Which may well be what Eddings himself was doing by writing the novel. I wouldn’t say I detect any regret about the treatment of the Eddings’ son—there’s pretty much nothing about children in the book, aside from references to the narrator’s own childhood, which clearly contained a certain amount of the sort of corporal punishment Eddings himself would have grown up with. (Jack’s kids get barely a mention, and neither adulterous Jack nor his equally adulterous wife seem to take much care of them, which can’t help feeling significant.) Instead, this is about Eddings backing himself out of a moral dead end and (presumably) deciding to live a more authentic, or upright, life from now on. It’s about Eddings himself, not what he did to someone else.

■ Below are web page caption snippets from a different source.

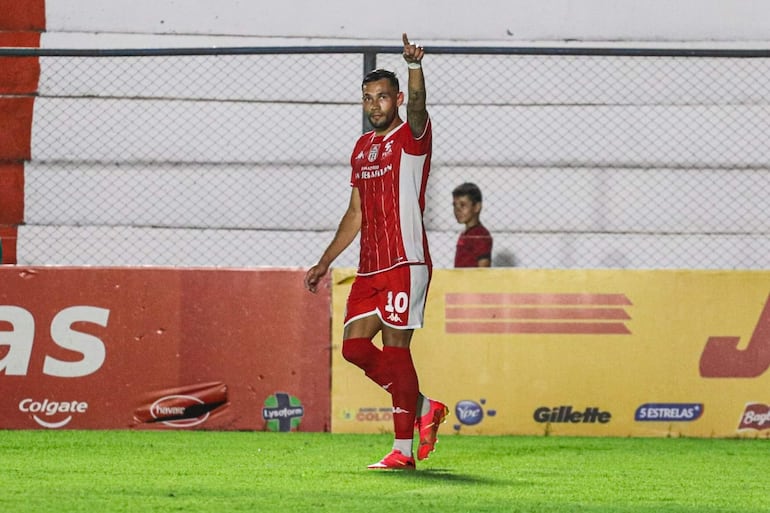 Jorge Sanguina, futbolista de General Caballero, celebra un gol en el partido frente a Tacuary por la primera fecha del torneo Apertura 2024 del fútbol paraguayo en el estadio Ka'arendy, en Juan León Mallorquín.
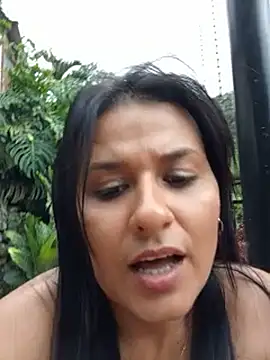 Elena_jonees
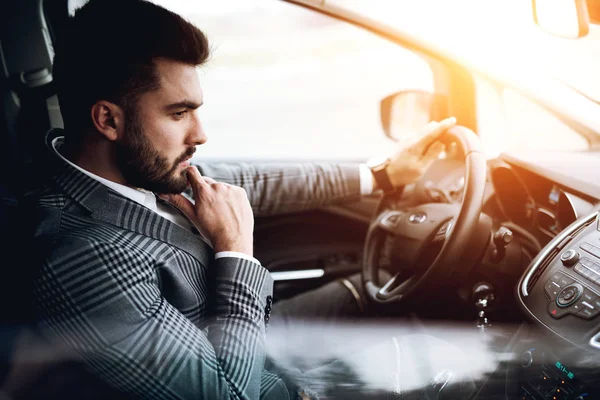 Empresário dirigindo carro moderno — Fotografia de Stock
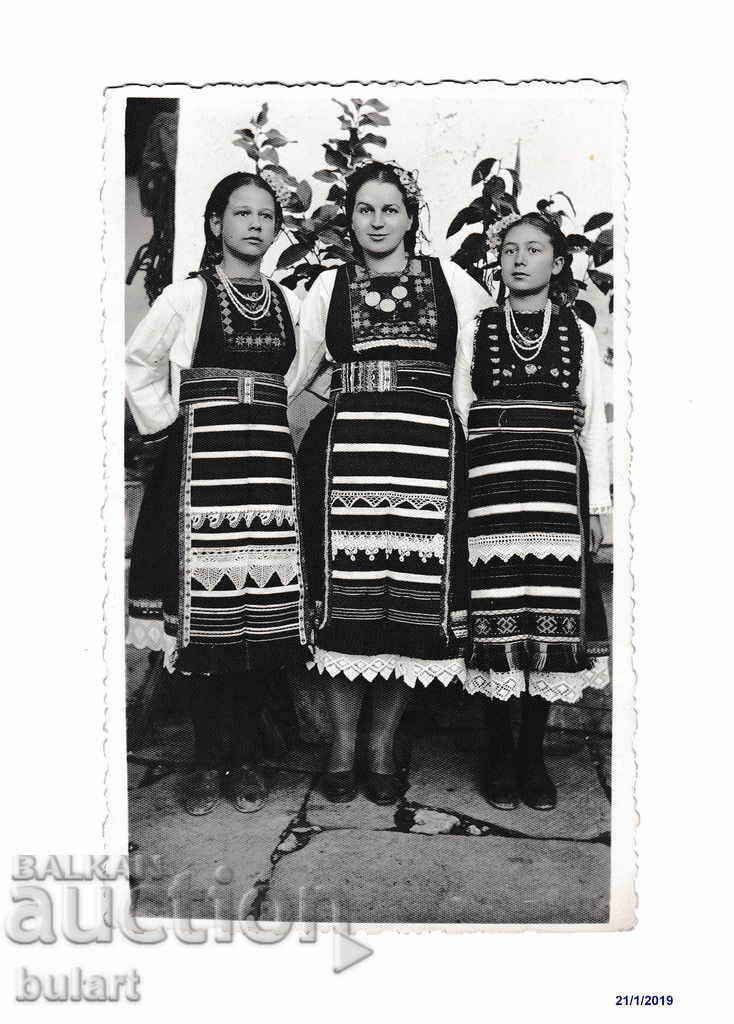 Тракиѝска носия носии Царство България Стара Снимка 1944г.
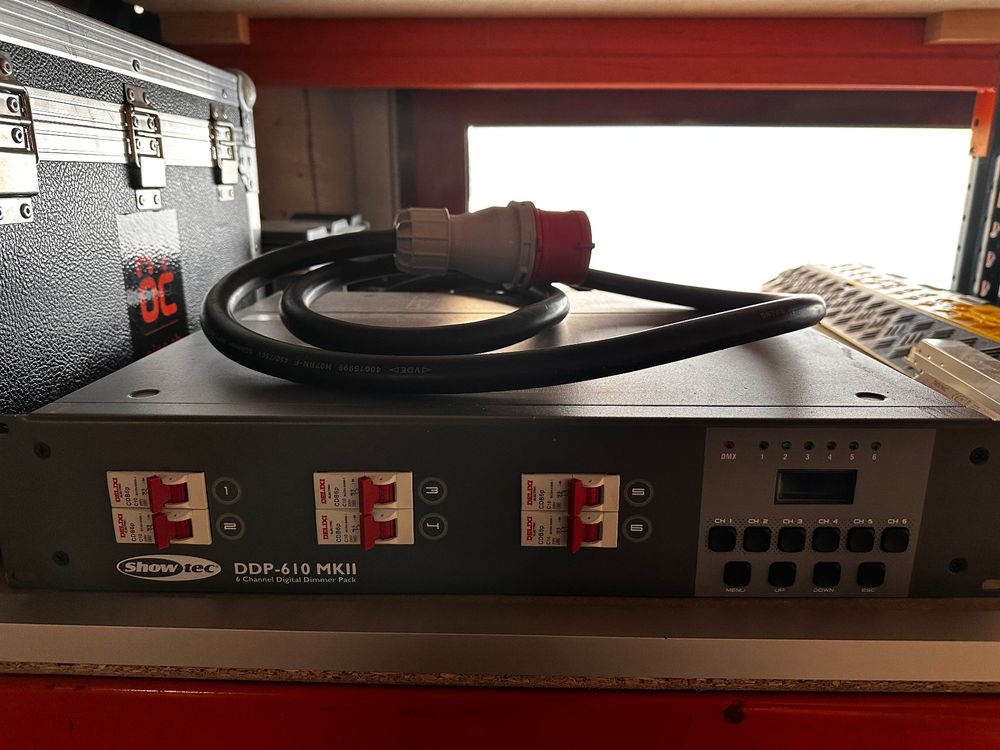 Showtec 6 Kanal Dimmer Harting out (Gebraucht) in Hochdorf für CHF 100 ...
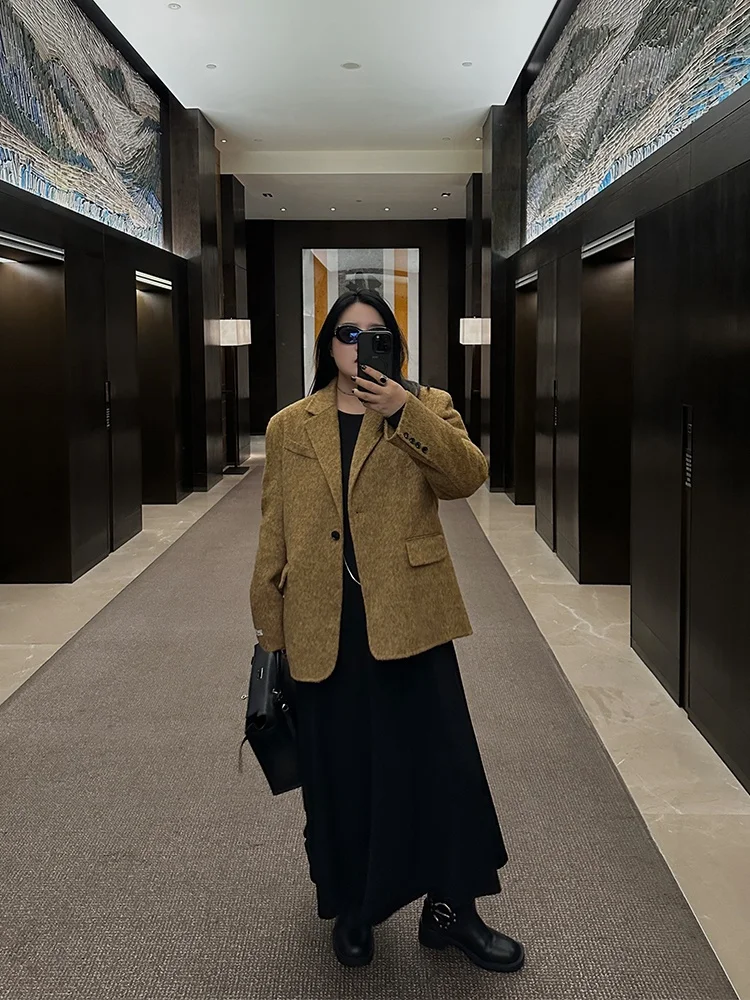 

Ретро-шерстяной пиджак для женщин больших размеров: элегантный, универсальный, осенне-зимний, модный, приталенный, верхняя одежда в стиле XiaoXin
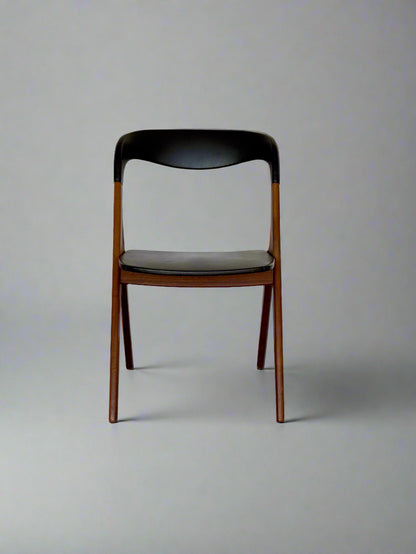 Sonja Chair by Johannes Andersen for Vamo Sønderborg – Teak & Black Skai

One strike that’s perhaps against it, is that there’s a certain amount of the sort of light but firm paternalistic moralising in High Hunt that I recognise from The Belgariad. Dan’s hippie girlfriend, who leaves off the political demonstrations, starts wearing a bra, and agrees to get married, as though she’s finally come to her senses, is one case in point: Eddings has always had something of the attitude that everyone will one day see the world as he thinks it should be and correct their wrong ways, and this makes me wonder a bit if he was fully capable of the moral self-evaluation you’d expect a year in prison to give him. High Hunt isn’t about regret for what he did, but a recognition of the bad path he was on, which isn’t quite the same thing, but is at least part of the way there.
In the piece linked to above, Gifford writes of how the revelation about Eddings’ crime cast a whole new light on The Belgariad, finding it to be “an impossible attempt at atonement, a desperately failed wish put to paper, and a tortuously painful digging out of his and his wife’s shame”. I hope that, ultimately, no atonement is impossible, but the sense I get is that the Eddings attempted to put what they did behind them (they certainly made sure to avoid the limelight once their fantasy novels were so successful, and perhaps part of that was fear of what might be dug up about them), and that any thoughts or feelings Eddings might have had about it would be deeply buried. But it would be interesting to give his break-through fantasy series a re-read, I have to say.
I was a bit older than you when I read the Belgariad, I think – either in my late teens or early twenties. I remember the series starting out strong, then getting steadily weaker. Plus that kind of fantasy isn’t my thing. So discovering what the Eddings had done (many moons later) wasn’t quite the hammer blow it might have been. I was amazed by how they hushed it up. That would be impossible today.
You talk about the similarities, but I was struck by how different this novel sounds from the Belgariad in terms of subject matter and characters. I also see some corollaries with The Deerhunter??
That weird narrative journey where a male American character tries to process his dysfunctional behaviour but in a particularly onanistic way is almost a trope by now. As usual, there’s no attempt to connect with your victims; the focus is on being a better person. Your victims are part of your past. The future is what matters.
I did find a review that compared High Hunt to The Deerhunter (it’s been a while since I’ve seen that film, so I can’t recall how similar the two are, apart from the title!).
I think part of the hush-up was that Eddings’ wife changed her name. But he still included enough in his biographical info to place him in the town where it occurred. As you say, it would soon be discovered nowadays.
And, about your last point, there’s a feeling in that sort of narrative that what happened between perpetrator and victim is just a sort of event that both have to learn to deal with, rather than it being something one has a definite moral responsibility for, particularly where children are concerned.